Two meteotsunamis, large waves caused by storm systems, came across Lake Michigan on April 13, 2018. Eric Anderson models meteotsunamis in his role as oceanographer at NOAA GLERL.

How would you advise high school students interested in science as a career path, or someone interested in your particular field?

I took somewhat of a winding career path to get where I’m at with GLERL, working in car assembly plants and then on the nano-fluidic flow inside bone tissue before ending up in physical oceanography. I didn’t really know what I wanted in high school or college, but I knew physics and math were where I felt at home. So I found a way to learn the fundamentals that I’ve been able to apply in each of these jobs, and that allowed me to explore different parts of science and engineering. Not everyone will have the same chances or opportunities, but if you can find a way to really solidify the fundamentals and just as importantly seek out a breadth of experiences, you’ll be in a better position when those opportunities do come along.

What do you like to do when you AREN’T sciencing?

I’m either hanging out with family, playing music, or talking with someone about how I wish I was playing more music.

What do you wish people knew about scientists or research?

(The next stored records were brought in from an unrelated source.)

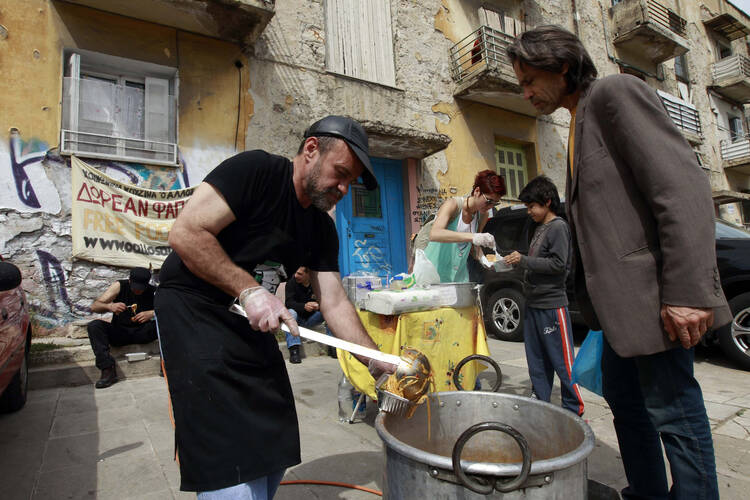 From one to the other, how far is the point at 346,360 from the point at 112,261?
4.15 m

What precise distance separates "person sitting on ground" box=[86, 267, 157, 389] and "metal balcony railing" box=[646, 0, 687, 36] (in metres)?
14.7

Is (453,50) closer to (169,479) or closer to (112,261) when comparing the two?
(112,261)

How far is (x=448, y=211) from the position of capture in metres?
3.38

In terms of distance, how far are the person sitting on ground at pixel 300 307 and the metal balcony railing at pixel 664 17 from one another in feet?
42.8

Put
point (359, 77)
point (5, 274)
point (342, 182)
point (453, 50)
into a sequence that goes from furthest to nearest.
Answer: point (453, 50), point (359, 77), point (5, 274), point (342, 182)

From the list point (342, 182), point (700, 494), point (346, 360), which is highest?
point (342, 182)

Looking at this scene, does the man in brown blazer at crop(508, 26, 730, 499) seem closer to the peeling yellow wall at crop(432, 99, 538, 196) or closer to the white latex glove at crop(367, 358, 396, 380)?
the white latex glove at crop(367, 358, 396, 380)

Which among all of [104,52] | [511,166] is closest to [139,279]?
[104,52]

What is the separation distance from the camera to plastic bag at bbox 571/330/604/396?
87.0 inches

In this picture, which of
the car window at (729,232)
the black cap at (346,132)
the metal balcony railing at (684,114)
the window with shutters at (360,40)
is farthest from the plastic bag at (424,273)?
the metal balcony railing at (684,114)

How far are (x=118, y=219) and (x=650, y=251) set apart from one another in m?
6.06

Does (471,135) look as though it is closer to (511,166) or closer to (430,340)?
(511,166)

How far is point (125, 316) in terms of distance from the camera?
471 centimetres

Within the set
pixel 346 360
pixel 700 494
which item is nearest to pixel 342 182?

By and large, science is curiosity driven, often fueled by the scientist’s own enthusiasm, and in my case also by the interests of the public. Whether it’s a new discovery, or re-codifying or quantifying something that others have observed for millennia, there’s no agenda here other than to understand what’s happening around us and share whatever pieces we can make sense of. I’ll add a sweeping generalization that scientists love to talk about their research, so don’t be afraid to ask.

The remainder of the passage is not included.